This week, New Yorkers took to the streets yet again.

It couldn't be more different from terrorism. It wasn't an enemy attack but a system breakdown, and that's our bread and butter. It was an opportunity to rise to the occasion, man the barricades with beer in hand, put on our New Yorker hats. And this time it was an easy one, untainted by victimization and tragedy — we'll handle it ourselves, no help needed from Pataki or the Feds. ("Re-modernize the grid," fumbled President Bush at his most somber, amid words like resolve and grateful and lesson.)

Bars overflowed, candlelit bodegas emptied their inventory onto stoops, rooftops and fire escapes. People met their neighbors — the ones they didn't already meet two years ago — while radio voices and music echoed up and down the block. On the Brooklyn Bridge, a slow-moving party began that would last well past midnight.

Drunks directed traffic until the orange-vest brigade arrived, each perhaps having a tiny personal Sept. 11 moment. The customary thousands were stranded in elevators, tunnels and tubes, and passed a terrifying few sightless hours straight out of Stephen King. Picture these desperate souls, emerging at last from the green-railed staircases, drenched shirts plastered to heaving chests, eyes and hair wild, blinking at the fading light through clenched fingers.
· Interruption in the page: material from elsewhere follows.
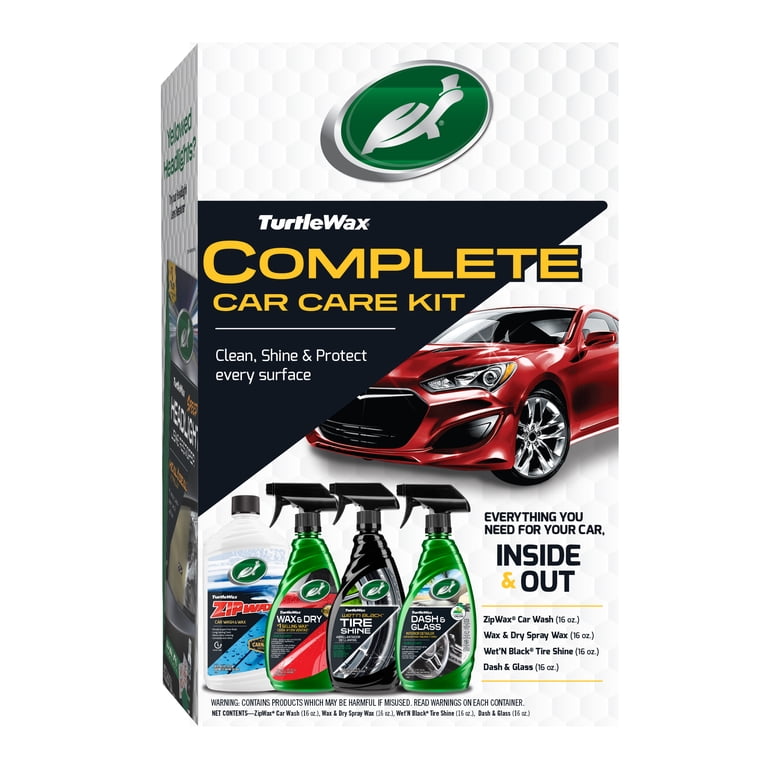 car waxセット 4 pack) Turtle Wax Complete Car Care 4 Piece Kit, 53834 - Walmart.com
Mayor Bloomberg (remember those early months when we called him Mayor Mike?) boldly called it for nightfall, creating TV movie-level expectations among more than a few New Yorkers caught in a rare moment of unguarded trustfulness. Still, he did well enough answering every possible question at interminable press conferences, smooth and substantive in command of his junior varsity crisis. One reporter referred to him as "Giuliani" more than once. (More of a compliment to which man? Two hundred words or fewer, winner gets a free bottle of emergency water).

It wasn't even remotely our fault this time. Islamic extremists may see it as a smiting, but a lightning strike at the Canadian border is as snow day as it comes. Gaslights burning in brownstone districts and mounted police gave the twilight a timeless quality.

In the absence of much solid information beyond the all-important "not terrorism" message, talk, news and traffic stations filled time with raw speculation and "Where were you when the lights went out?"-type fare. WNYC's emergency generator lasted less than an hour, leaving its staff to anchor by cell phone — for shame, those of you who enjoyed "A Walk Through Brooklyn" but switched over to ESPN during the pledge segments!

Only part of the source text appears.